The pandemic necessitated new ways of working at RefleXion. The U.S. started to shut down one day after the company received its first Food and Drug Administration clearance for conventional, image-guided radiotherapy. The company maintained an essential worker presence in its factory and R&D to continue operations. It achieved major milestones and has added 100 new staff. RefleXion has sustained a very high level of productivity and realized efficiencies gained from saving commute time and reducing business travel. Throughout the company, the original six values hold steadfast. To maintain a sense of connectedness, they made their “coffee chat”—a pre-pandemic cultural staple—virtual. “In the virtual ‘coffee chat,’ some members of leadership spend 45 minutes weekly with a small group of employees from different departments to talk about anything. This has been an essential way to help alleviate feelings of disconnectedness,” says Mazin. Even when the company returns to a higher on-site work dynamic, it will likely continue a virtual format of the coffee chat.

RefleXion has had three categories of employees during the pandemic, Moncrief explains: a group fully on-site, a group rotating in and a group fully remote.
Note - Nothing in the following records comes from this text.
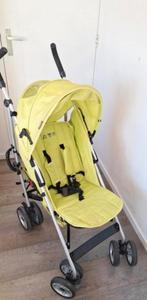 Buggy - Groen, Kinderen en Baby's, Buggy's, Ophalen of Verzenden, Gebruikt, Overige merken, Verstelbare rugleuning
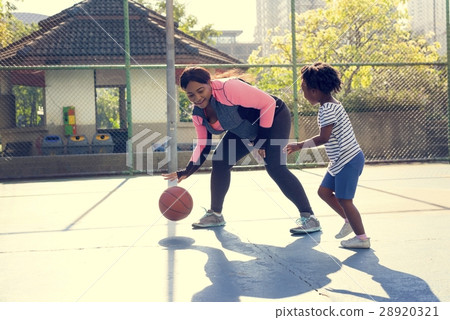 Basketball Sport Exercise Activity Leisure 28920321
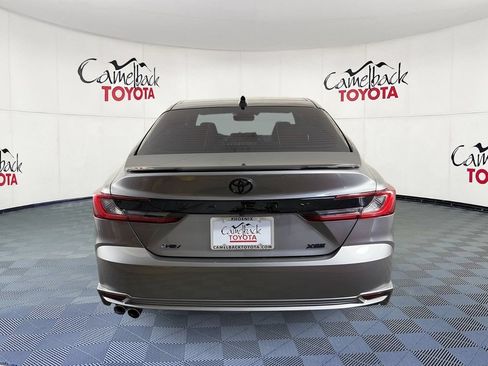 Used 2026 Toyota Camry XSE w/ Premium Package FWD image 6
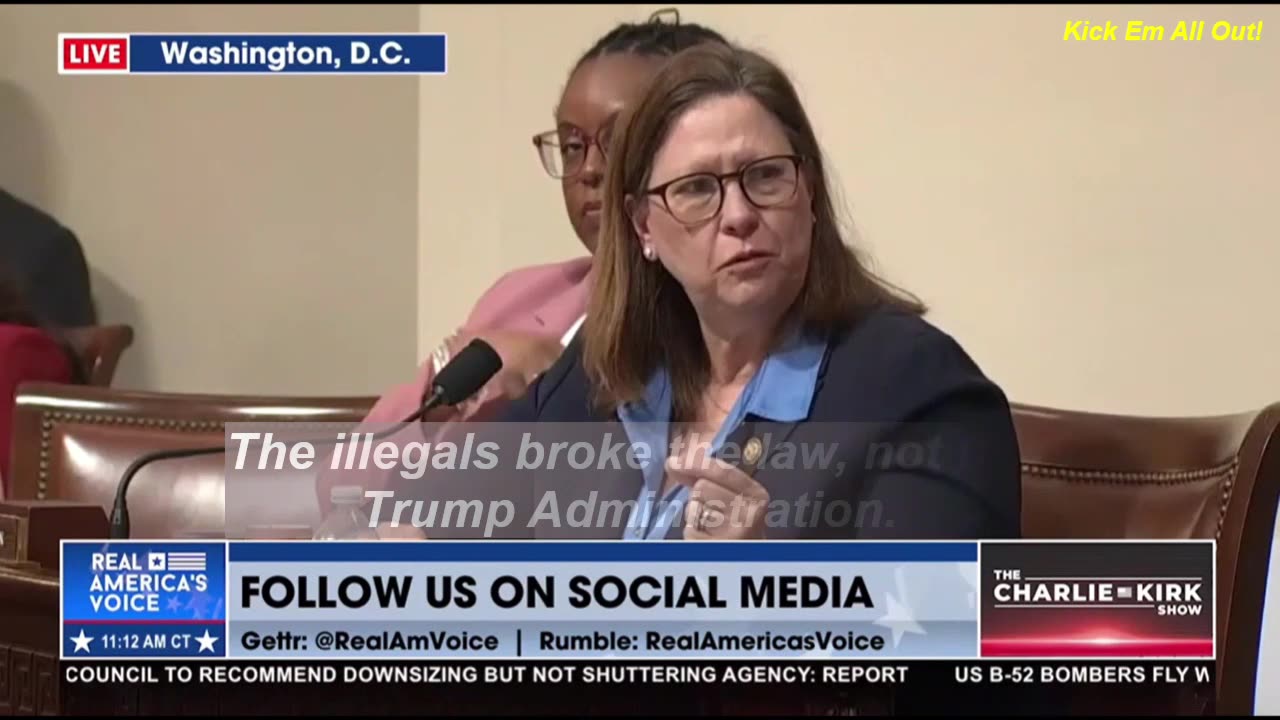 Representatives and Media Lies to the American People NONSTOP!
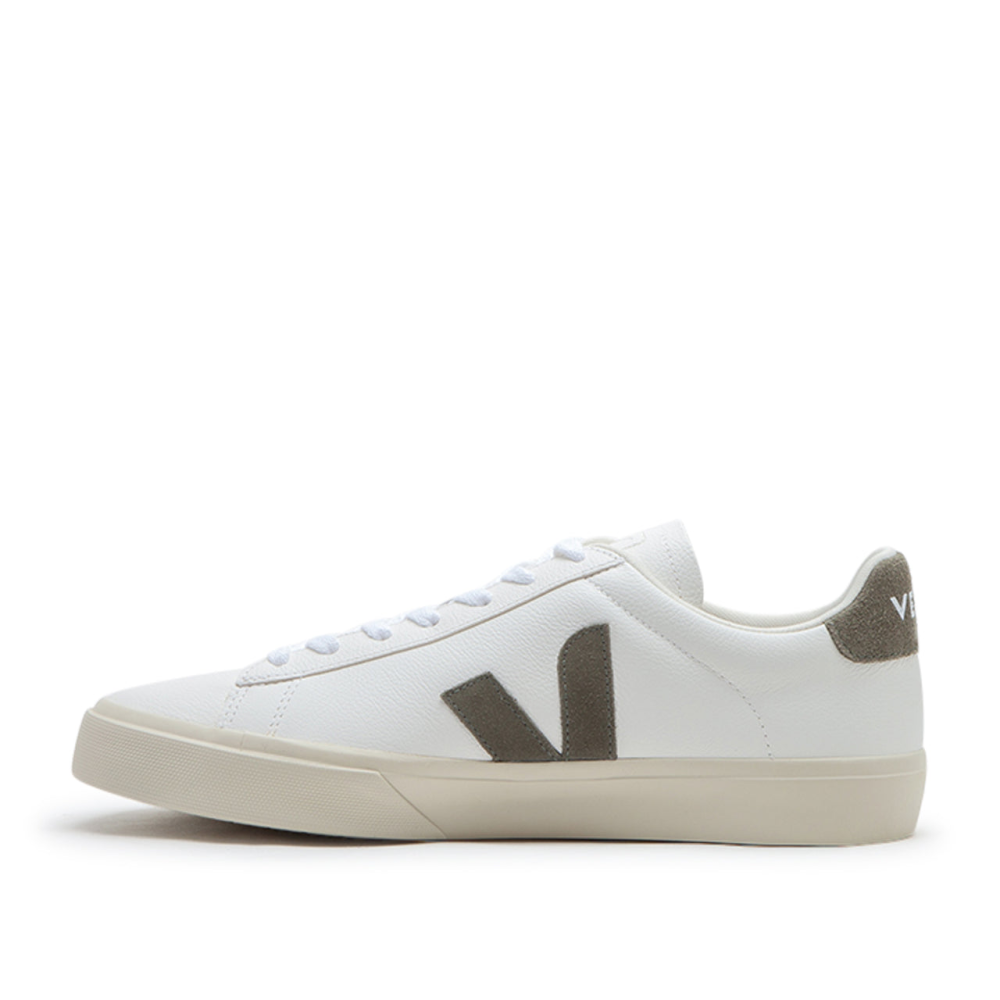 VEJA Campo Chromefree Leather CP0502347B / weiss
RefleXion has ensured that employees working remotely could set up a home office. “We continued the social aspect of working together by creating virtual and outside gathering opportunities because we really missed each other,” Moncrief says. “When we return to more on-site work, we’ll be creating a work week and an environment by which we’ll gather in the office for collaboration and innovation time, and then keep that head-down work for employees to do at home. We have learned that we still are productive and engaged even when we’re at home.” The company plans to continue to have a hybrid model for roles that can function that way. “When staff come on-site, they’ll collaborate and have those necessary face-to-face meetings. We’ll strike the balance of performing tasks remotely with in-person interactions,” she says. “The goal is to have on-site presence at times so that we can form closer connections and iterate and innovate in person.”

With close to 300 employees, RefleXion’s no longer a startup. “The company, of course, has changed over time. We’ve hired more talent, we’ve expanded our offices, and we’ve become operational. While we’ve grown, I think our core culture remains intact today for many reasons,” says Moncrief. “We have had strong executive leadership with no turnover, and we have clear core values. We model these values every day, and we communicate well. Our culture lives in our collective hearts and in our employees’ habits.”
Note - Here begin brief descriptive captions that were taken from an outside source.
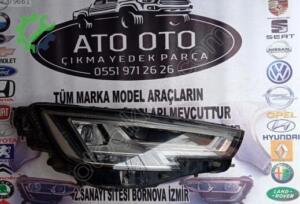 Audi A4 2020-2024 Çıkma Sağ Far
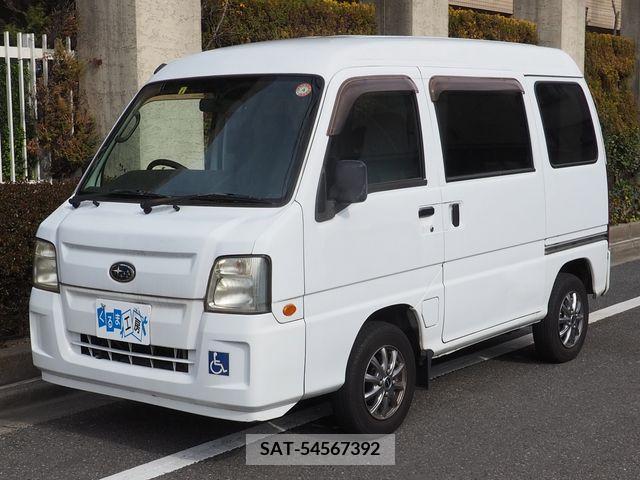 Subaru SAMBAR 2011-07 225418-11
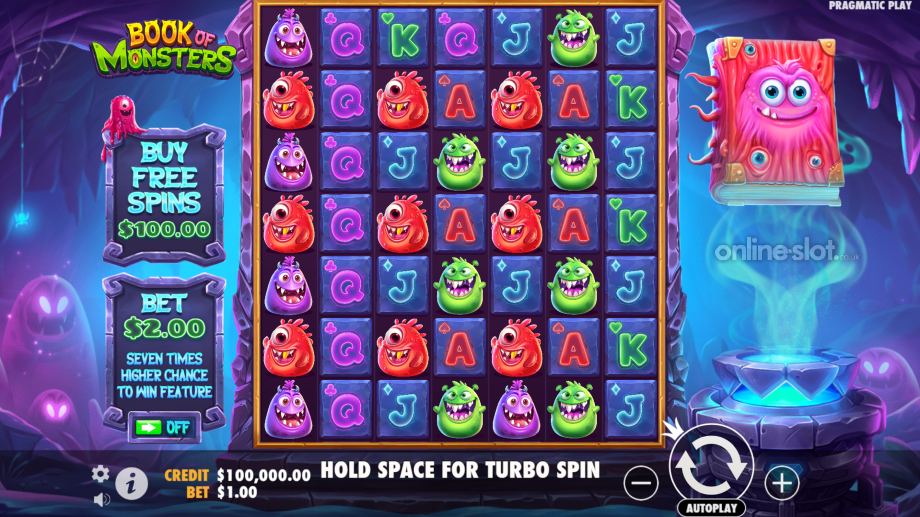book-of-monsters-slot-base-game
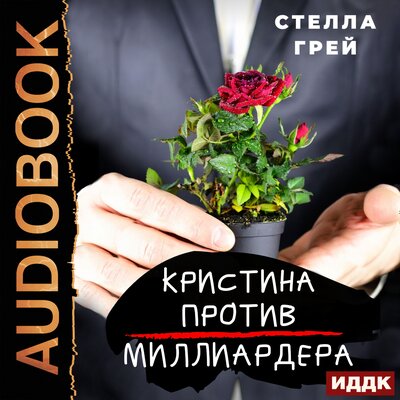 Обложка: Кристина против Миллиардера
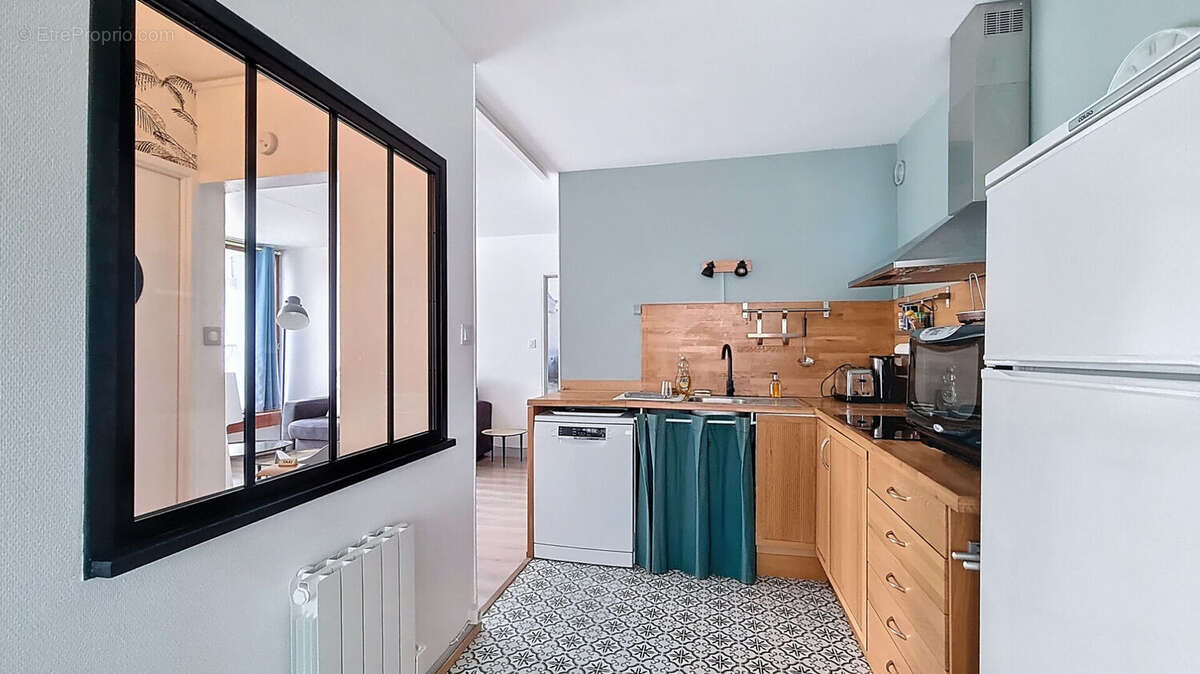 Appartement à MUROL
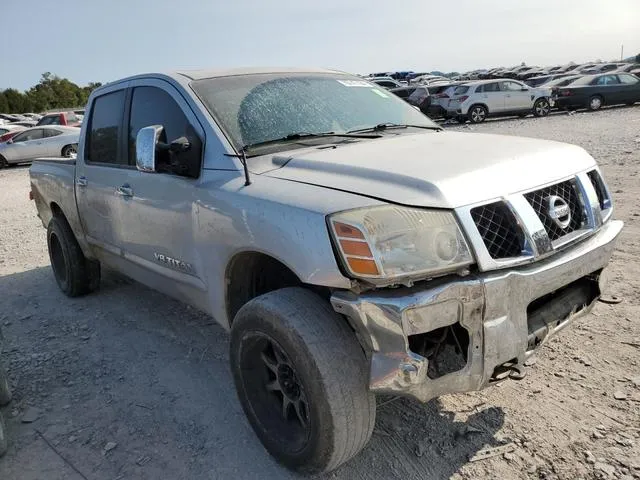 1N6BA07B67N229984 2007 2007 Nissan Titan- XE 4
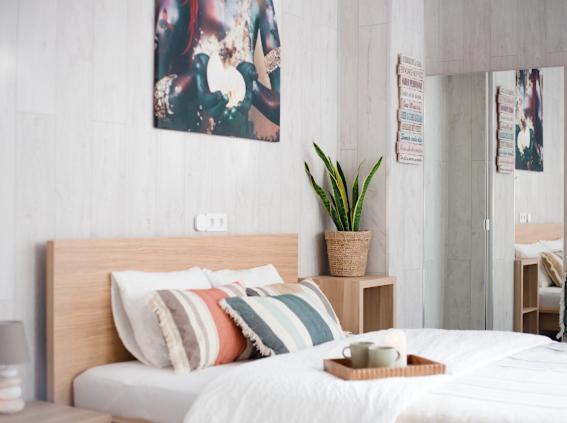New Light Cozy Ruzafa Apartamento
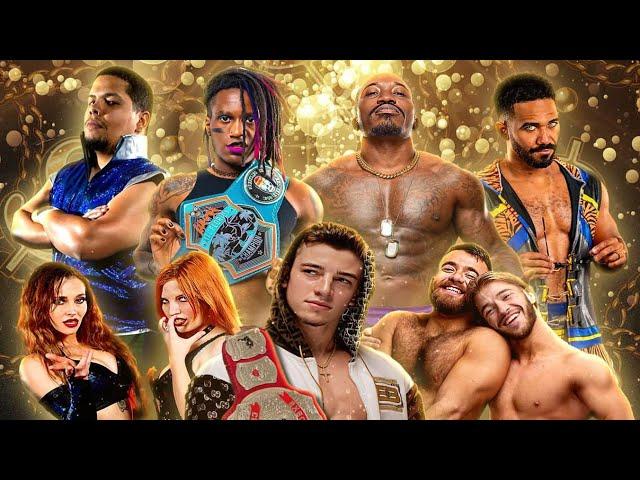 #SPRINGBLING (full show) - The Establishment Wrestling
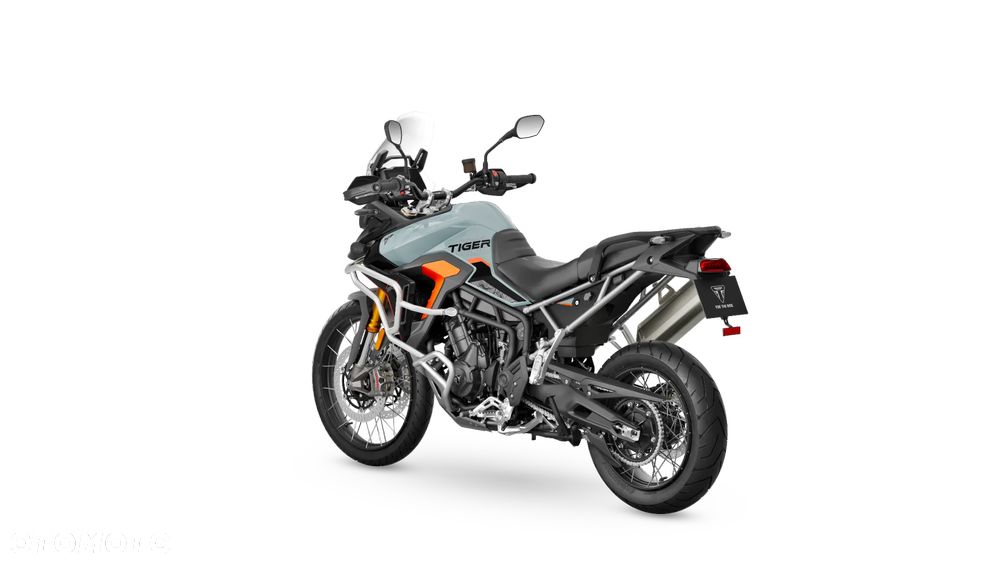 Triumph Tiger - 15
“I’m very proud that we’re no longer a startup. You don’t want to be a startup forever,” says Mazin. He’s also proud that RefleXion’s six values continue to be foundational. They appear on the company’s walls and website and are modeled by its employees.

Staff enjoy working at RefleXion because of the company’s mission and its people. “Staff love what the technology is and what we’re trying to achieve. People also love the other folks in the organization, as I do, and to me, that highlights the importance of taking the time to find good people,” Mazin says. RefleXion’s unique mission also sets the company apart. “There hasn’t been another modality other than systemic therapies that have tried to beat back Stage IV cancer. RefleXion would be the first machine to try to do that. And in our goal of trying to beat back Stage IV cancer, we can, we believe, improve treatment for earlier stage cancer as well,” Mazin says.
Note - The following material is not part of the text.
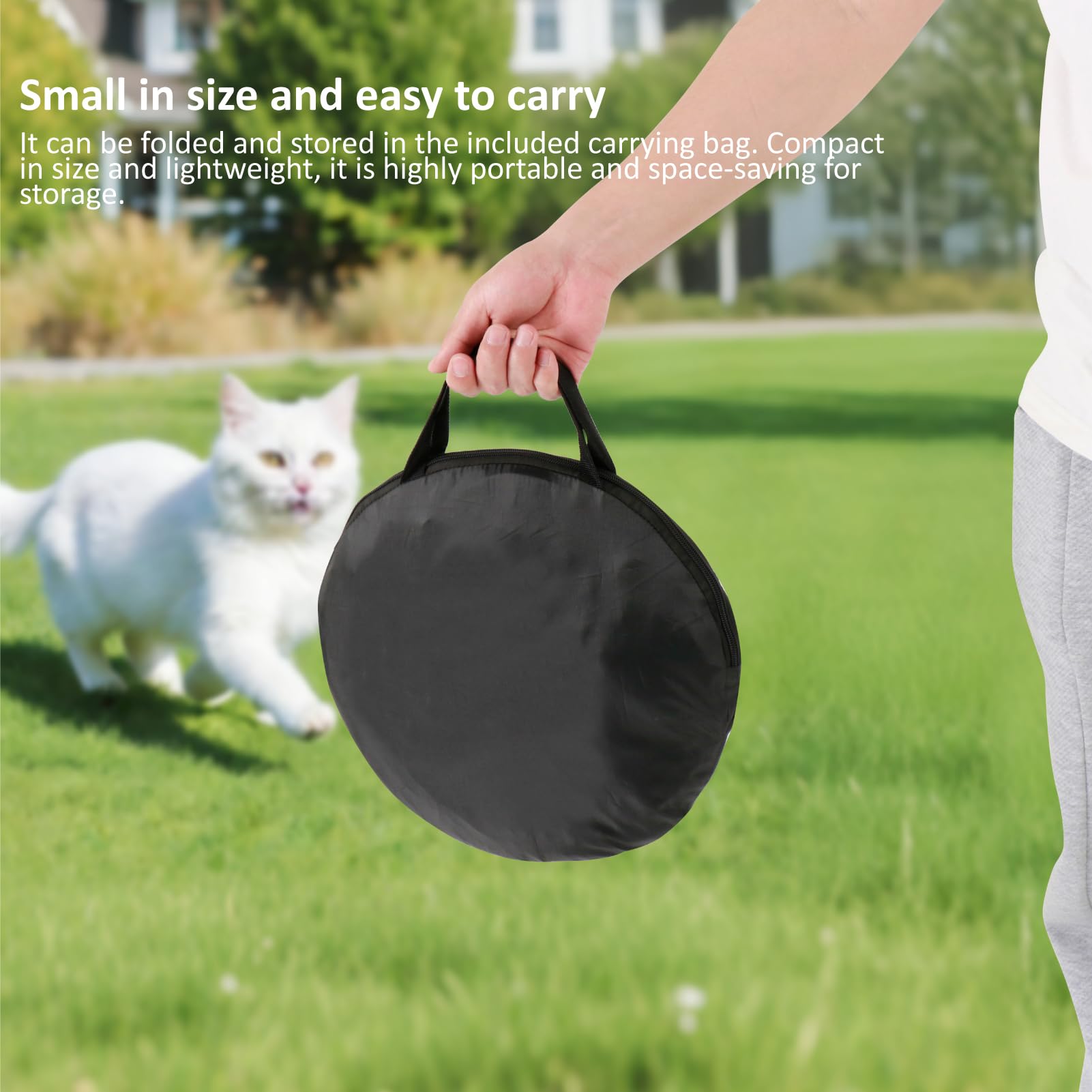 Naielfopet compatible outdoor playpen tunnel expansion for extra space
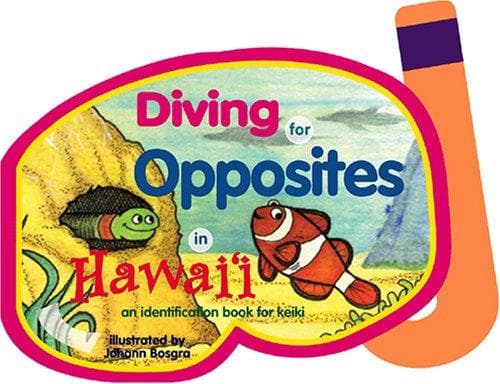 Tapa de Diving for Opposites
With thoughtful reflection, Mazin acknowledges he didn’t know what culture was. And although he knows more now, he says it’s a tough thing to nail down. He offers this advice: “Ensure that culture comes from two directions. Organically people that come into a company are going to define a de facto culture, just by the nature of the individuals they are. The other direction comes from leadership, which involves understanding what it is about the company that is unique, what are the values we all share, and how you can identify with those [values] and amplify them in positive ways.”